Early last year, as part of the celebrations, a Global Law Summit took place in London. Its principle aim was to discuss the importance that the rule of law and efficient legal services have to the development of international commerce, the activity which has perhaps more than any other contributed to human progress. London has been recognised across the world for many centuries as a centre of trade, commerce and finance. But it is no coincidence that also during this period the United Kingdom has come to be regarded as a place where one could enjoy the protection of the Law and where in more recent times upholding, protecting and promoting the rule of law has been a central activity of the state. Put simply London could not have become the global financial and commercial centre it is, were it not for the rule of law being held there in high regard.
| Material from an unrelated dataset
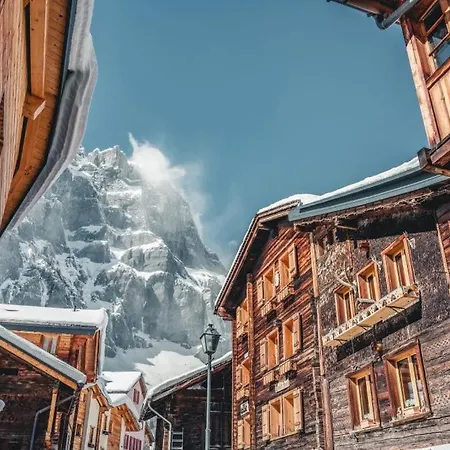 Center, Sauna, View - Haus Linaria Leukerbad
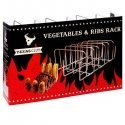 Texas Club Rib and Vegetable Holder Texas Club Rib and Vegetable Holder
Today, the United Kingdom is seeking to export professional legal services and the ethics and principles which underpin them across the globe and there appears to be a ready market desirous for those educated and experienced in our system of justice and jurisprudence. It can be seen from the many retired United Kingdom judges serving on international commercial tribunals and arbitrating on disputes at many locations on our planet.
But it was noteworthy that a considerable part of the Global Law Summit agenda centred also around the role of the law in underpinning not just the relationships between individuals and corporations but also the relationships between states. This is hardly surprising seeing that it is a precondition for economic activity that there should be domestic and international political stability. As we can see today in the Middle East, the Ukraine, parts of Africa and twenty years ago in Northern Ireland, nothing is more certain to destroy economic prosperity and the quality of life of the population than violence and conflict. Those who doubt the importance of international law commonly argue that there is insufficient incentive for States to comply with international law. It is true that, compared with national laws, there is often no immediate judicial sanction in international law. But States rely to an ever increasing extent on economic interactions with other States and international organisations. The loss of reputation that comes from failing to comply with international law, or failing to participate in international mechanisms for dispute resolution, means that States would soon find their economic interactions adversely affected. The rule of law is therefore a precondition for healthy economic activity in the international sphere, just as it is in national law.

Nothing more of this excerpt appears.